Oleh: Dr. Al Chaidar Abdurrahman Puteh Departemen Antropologi, Universitas Malikussaleh, Lhokseumawe, Aceh.
Pada era kelabu akhir 1990-an, tepatnya menjelang kejatuhan rezim Orde Baru, Jakarta diselimuti bayang-bayang teror yang mengerikan. Gelombang reformasi kian membesar, dipicu oleh krisis ekonomi moneter dan tuntutan akan demokrasi yang merata.
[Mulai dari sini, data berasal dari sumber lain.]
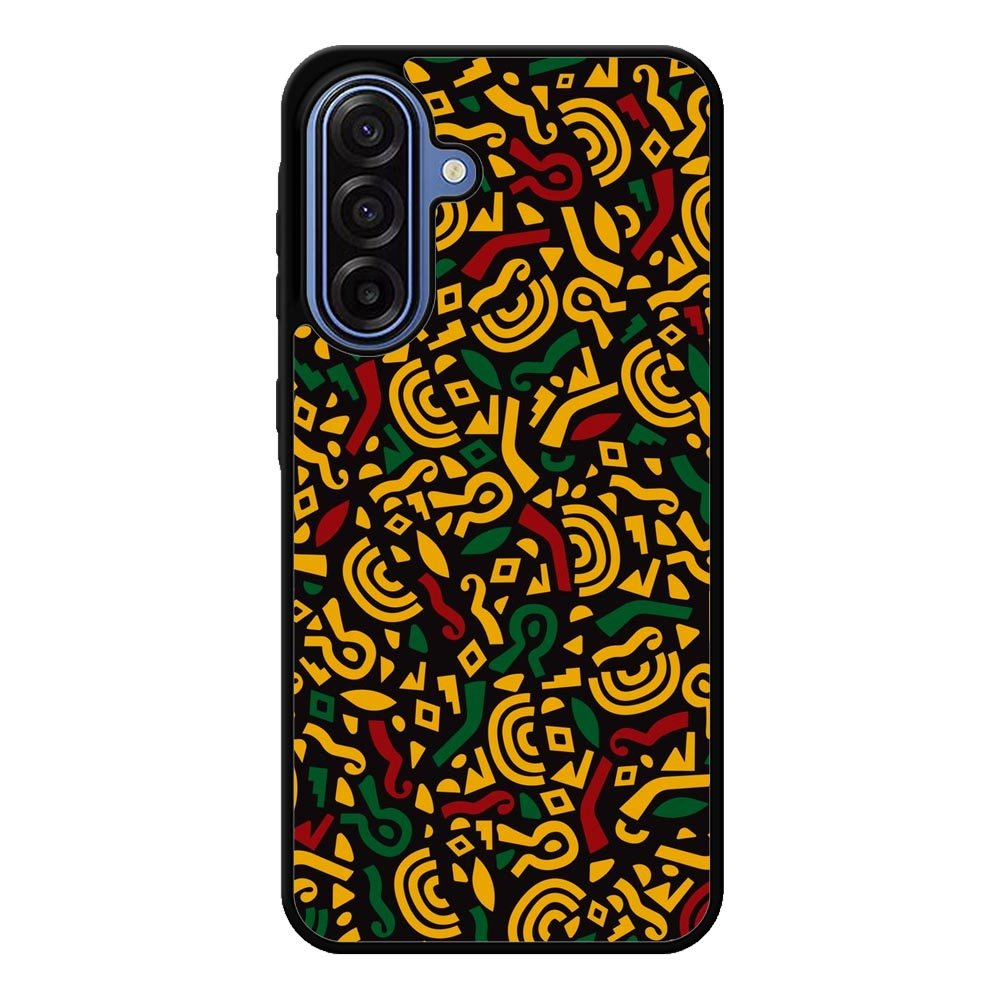 Pattern Art Samsung Galaxy A17 Case FE0486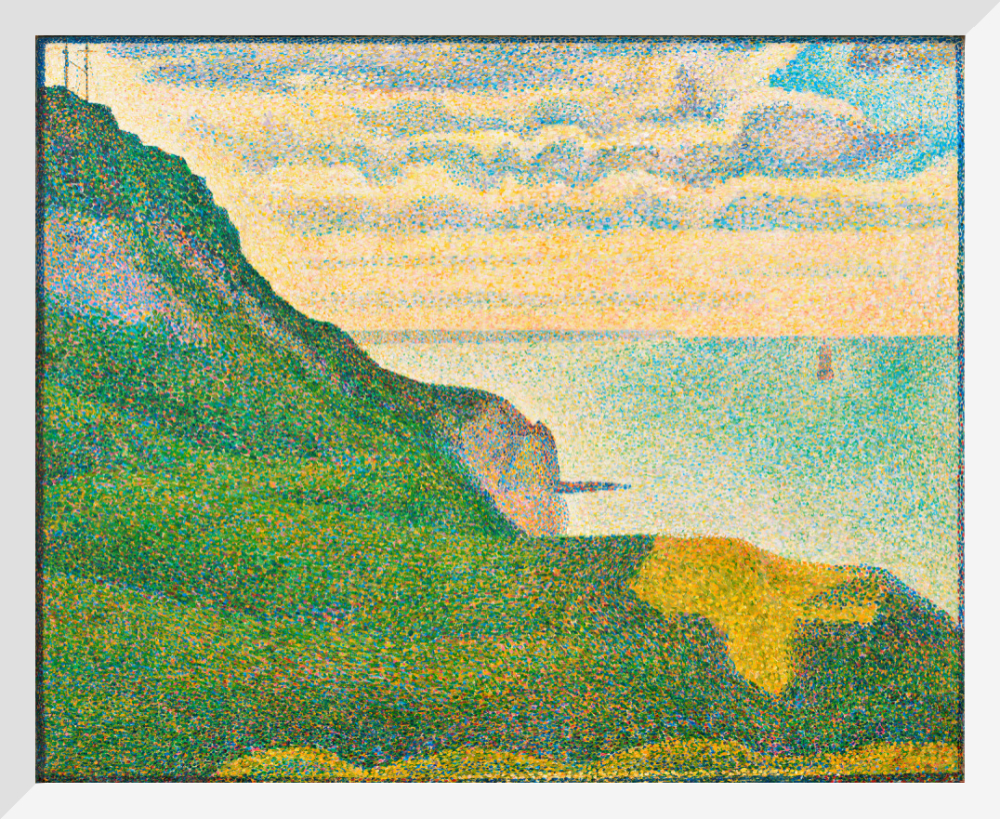 Seurat paintings discount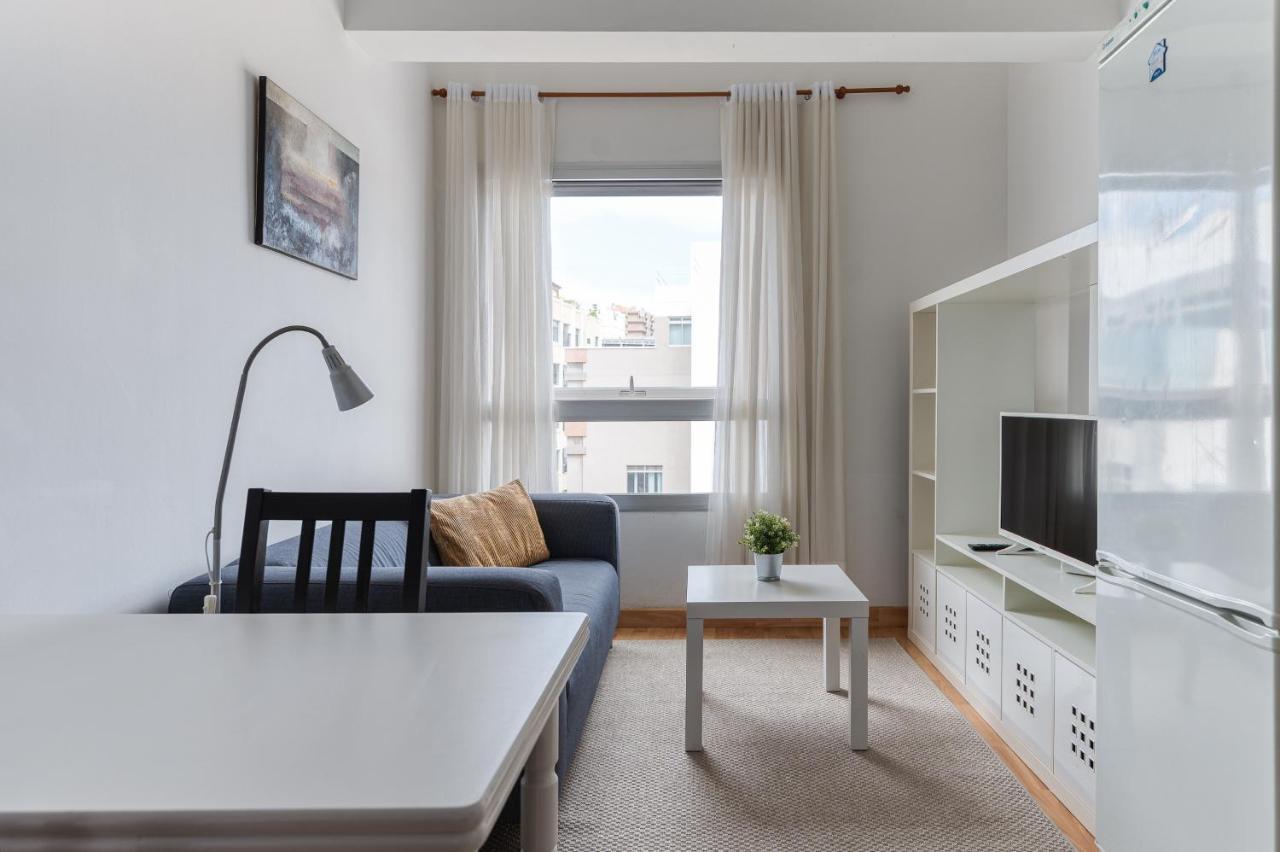 Homeforguest Two-Bedroom Apartment In The Heart Of Triana Las Palmas de Gran Canaria Exteriér fotografie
Di garis depan gerakan ini berdiri para aktivis mahasiswa, muda, idealis, dan berani menantang kemapanan. Mereka adalah suara rakyat yang tertindas, simbol harapan akan perubahan.
Hilang dalam Senyap: Kisah Penculikan Aktivis 1998
Namun, keberanian ini harus dibayar mahal. Di tengah riuhnya demonstrasi dan diskusi bawah tanah, sebuah operasi senyap dilancarkan oleh tangan-tangan rezim yang tak terlihat. Satu per satu, para aktivis mulai menghilang. Bukan ditangkap secara resmi, melainkan diculik, ditarik paksa dari kehidupan mereka, dari keluarga dan teman-teman, seolah ditelan bumi.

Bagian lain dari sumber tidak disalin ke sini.